> [Exercise aim]:
When you copy the listing, reproduce each line as it appears and omit every image.

------------------------------

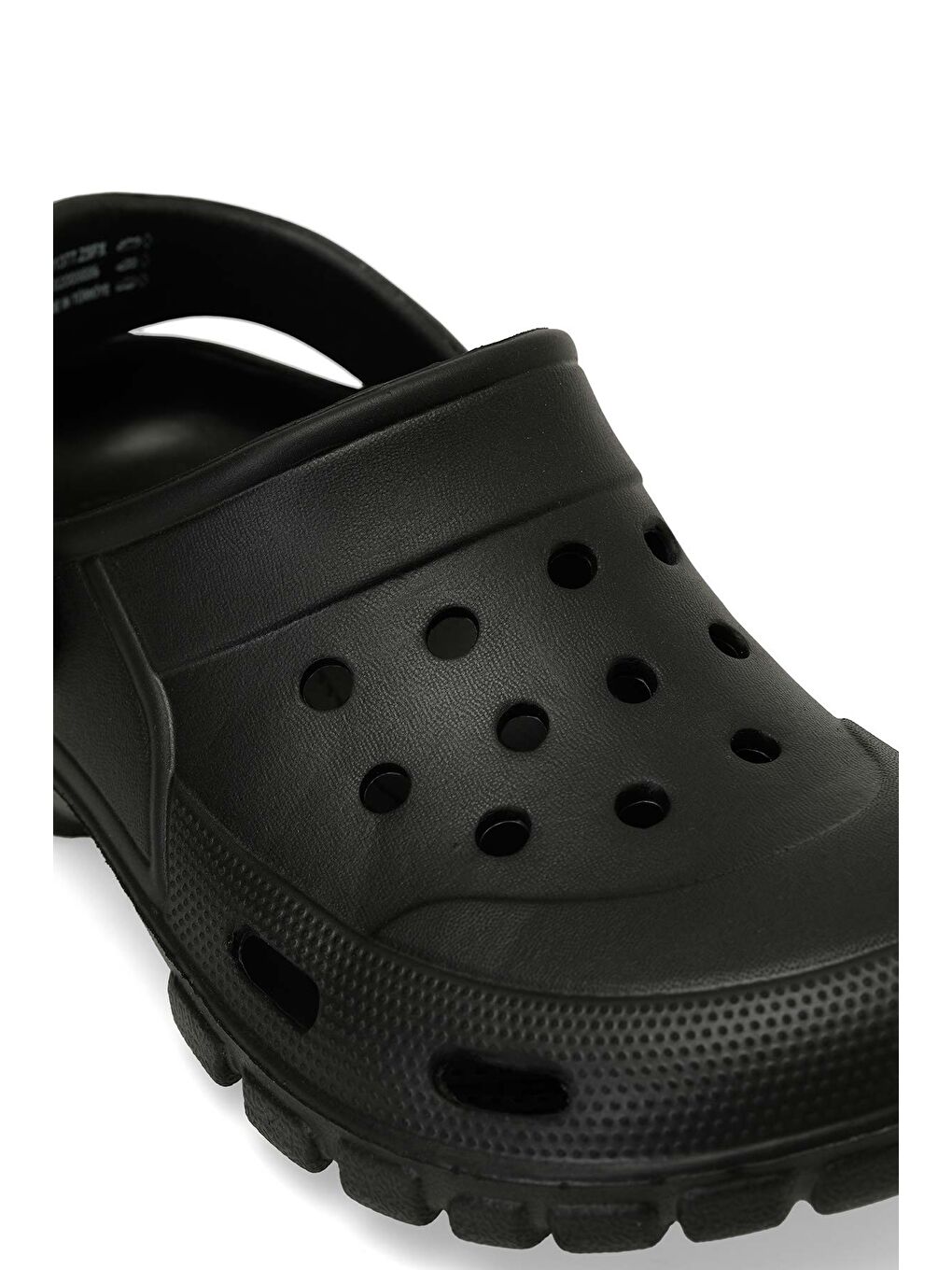 401377.Z5FX Siyah Kadın Sabo Terlik-6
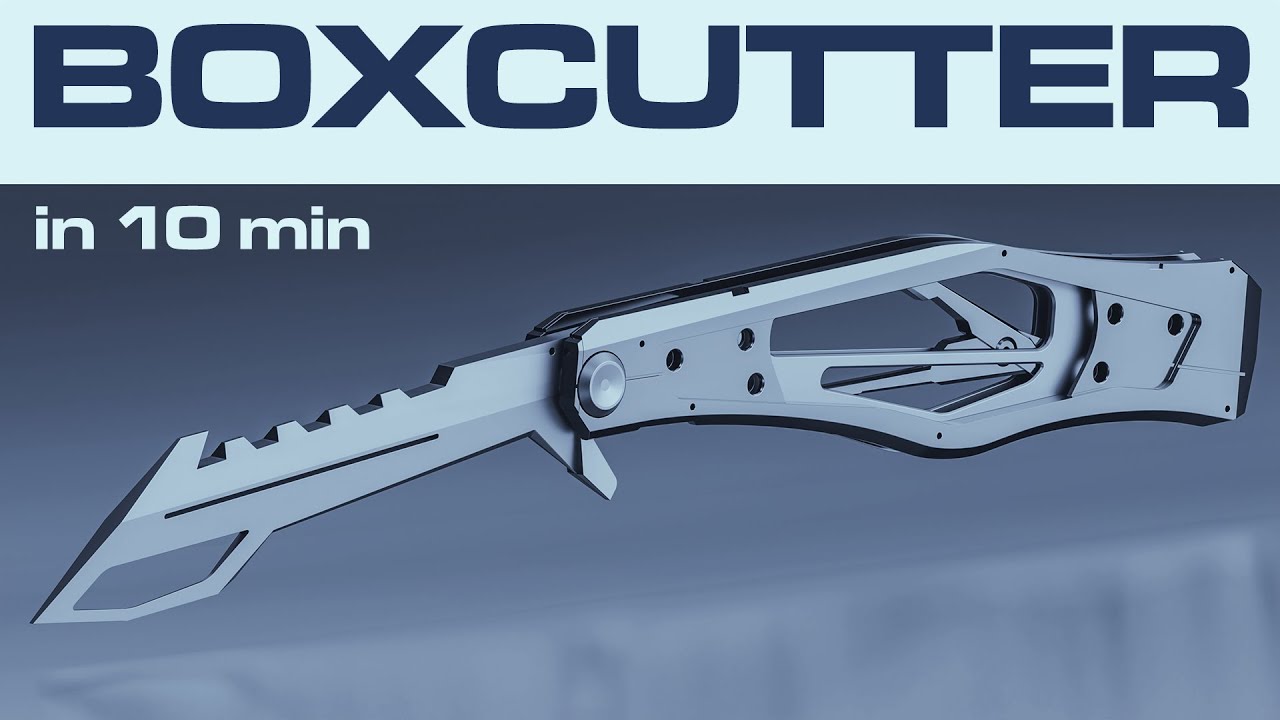 Boxcutter Mastery In 10 Minutes Youtube
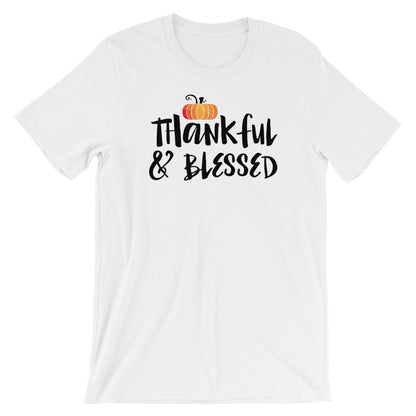 Thankful and Blessed Unisex T-Shirt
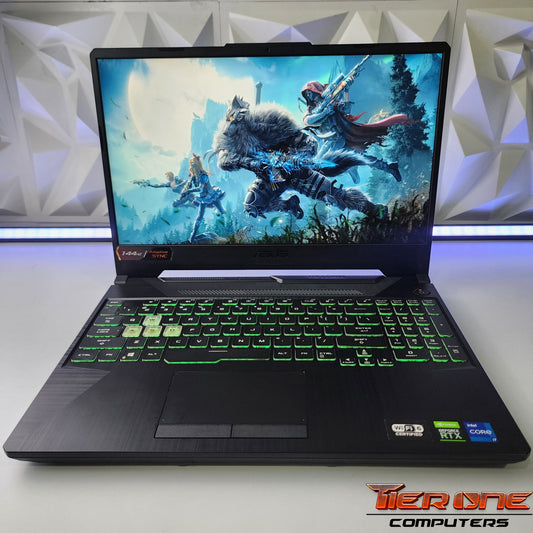 ASUS TUF F15 | i7 11th Gen | 16GB RAM | 512GB SSD | RTX 3050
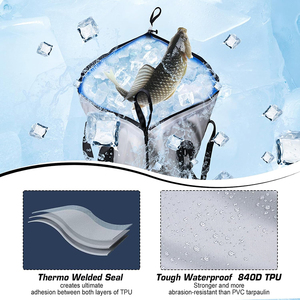 Sac isotherme en PVC 840D TPU avec poignée de transport Sac étanche hermétique pour tuer les poissons Sac pour l'extérieur - Product Image 2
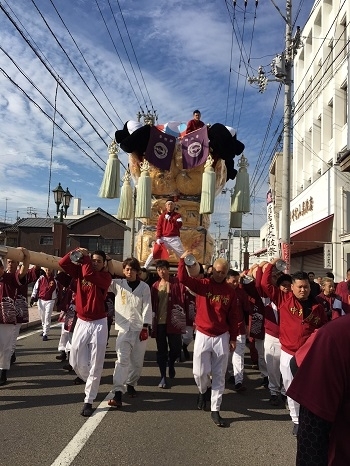 中須賀太鼓台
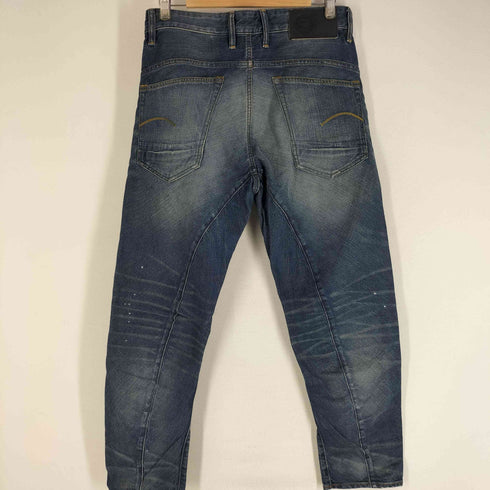 ジースターロー G-STAR RAW ペンキ加工 RYCK 3D STRAIGHT TAPERED メンズ W30 L32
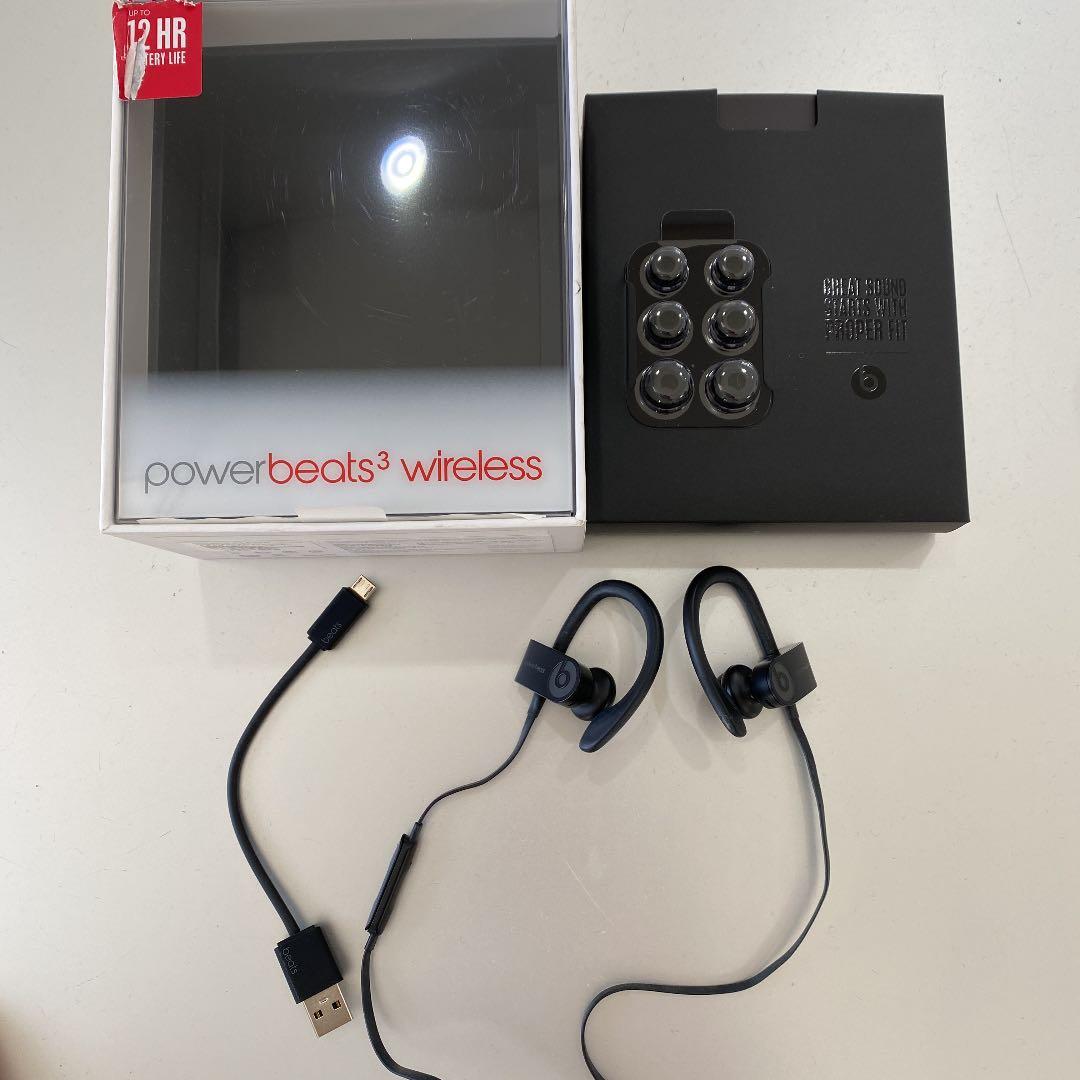 Beats by Dr Dre POWERBEATS3 WIRELESS ブラ…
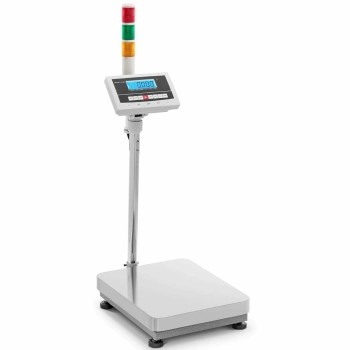  Waga platformowa magazynowa z kolumną sygnalizacyjną świetlną LCD 60kg / 0.002kg - zdj. dodatkowe 1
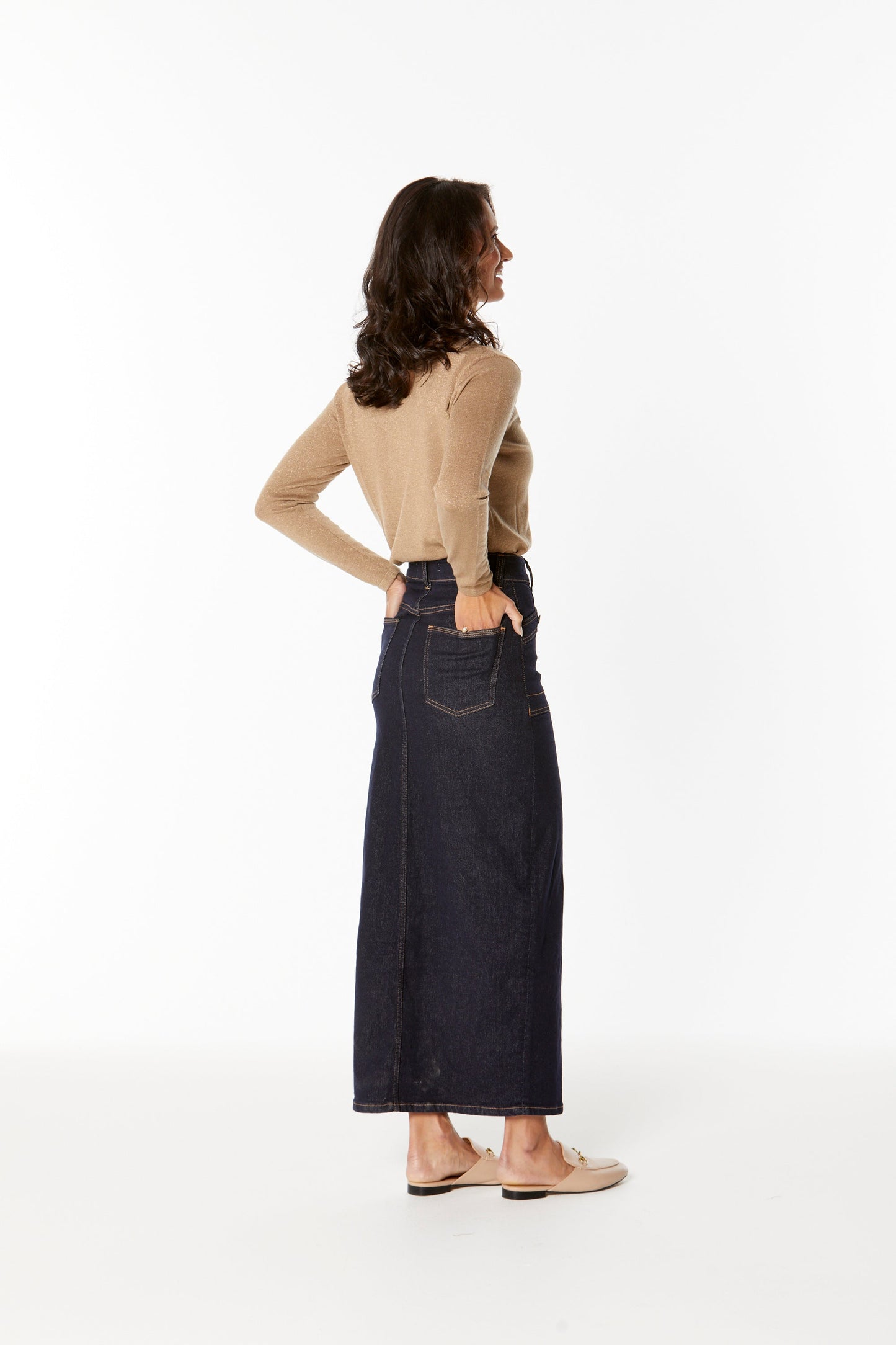 ALHW Longline Skirt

------------------------------

> [Reply]:
 401377.Z5FX Siyah Kadın Sabo Terlik-6
 Boxcutter Mastery In 10 Minutes Youtube
 Thankful and Blessed Unisex T-Shirt
 ASUS TUF F15 | i7 11th Gen | 16GB RAM | 512GB SSD | RTX 3050
 Sac isotherme en PVC 840D TPU avec poignée de transport Sac étanche hermétique pour tuer les poissons Sac pour l'extérieur - Product Image 2
 中須賀太鼓台
 ジースターロー G-STAR RAW ペンキ加工 RYCK 3D STRAIGHT TAPERED メンズ W30 L32
 Beats by Dr Dre POWERBEATS3 WIRELESS ブラ…
  Waga platformowa magazynowa z kolumną sygnalizacyjną świetlną LCD 60kg / 0.002kg - zdj. dodatkowe 1
 ALHW Longline Skirt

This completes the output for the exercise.